Dass der 81-jährige Patron eines seiner raren Interviews gibt, liegt am Jubiläum, das die Firmengruppe dieses Jahr feierte. Seit 100 Jahren besteht die Familienfirma, nur zwei Chefs gab es in dieser Zeit: Gründer Emil (1898–1995) und Sohn Walter. In solchen Zeiten schaut man gern zurück auf das, was war – und das, was ist und was in Zukunft noch sein mag.

Walter Frey hat die Gruppe zur heutigen Grösse entwickelt, seit er 1969 vom Vater die Chefrolle übernahm und ihm 1975 schliesslich das Unternehmen abkaufte. Die Zahlen verschweigt er zwar beharrlich, aber die Schätzung, wonach die Umsätze an der Schwelle von 18 Milliarden Franken kratzen, stellt er nicht in Abrede. Drei Viertel des Umsatzes werden im Ausland erwirtschaftet, rund 26'000 Mitarbeiter beschäftigt die Gruppe mittlerweile, davon dürften 2000 Lehrlinge sein. Die Frey-Gruppe arbeitet mit mehr Marken als jeder andere Autohändler in Europa und hat zudem zahlreiche Importeurs-Verträge, die rentabler sind als reine Handelsvertretungen. In der Schweizer Autobranche rangiert Emil Frey hinter dem VW-Konzernimporteur Amag auf dem zweiten Rang – mit geschätzten vier Milliarden Franken Umsatz, 60 Garagen und mehr als 4000 Mitarbeitern.

Herr Frey, Sie haben 1969 die Chefrolle im Familienbetrieb übernommen. Staunen Sie heute, wie gross die Gruppe geworden ist?
Walter Frey: Ja, da bin ich ab und zu selbst überrascht, wenn ich die Dimensionen anschaue. Das hatte ich mir nicht zum Ziel gesetzt, sondern es ist so gekommen. Damals konnte ich mir das nicht vorstellen.

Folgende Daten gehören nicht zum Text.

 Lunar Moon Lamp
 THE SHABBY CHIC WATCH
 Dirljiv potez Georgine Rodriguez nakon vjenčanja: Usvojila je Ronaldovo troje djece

Die Gruppe ist enorm divers, in Europa mit Abstand die am breitesten aufgestellte. 56 vertretene Import- und Retailmarken, 600 Garagen, pro Jahr rund 600'000 verkaufte Autos.

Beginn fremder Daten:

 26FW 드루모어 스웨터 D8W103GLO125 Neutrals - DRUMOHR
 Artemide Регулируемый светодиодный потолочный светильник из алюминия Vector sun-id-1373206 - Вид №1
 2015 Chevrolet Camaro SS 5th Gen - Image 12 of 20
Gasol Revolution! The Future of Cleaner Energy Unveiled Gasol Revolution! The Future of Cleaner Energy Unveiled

Ja, es ist schon einige Arbeit, um den Überblick zu behalten. Ich bin bei den Budgetsitzungen der einzelnen Firmen noch selbst anwesend, das gibt mir die Gelegenheit, die Leistung der Firmen im abgelaufenen Jahr und zugleich die Zukunftsperspektiven anzuschauen. Zudem lerne ich die Firmen und die Führungskräfte immer eins zu eins einmal im Jahr kennen. Das hilft sehr. Aber ich habe selbstverständlich auch Informationstools. Ich erhalte von den Importgesellschaften einen täglichen Überblick über die bestellten Fahrzeuge in den Werken, die gestellten Rechnungen, Ablieferungen im Markt und über den Lagerbestand. Es ist meine Aufgabe, informiert zu bleiben, und ich versuche sie nach besten Kräften wahrzunehmen.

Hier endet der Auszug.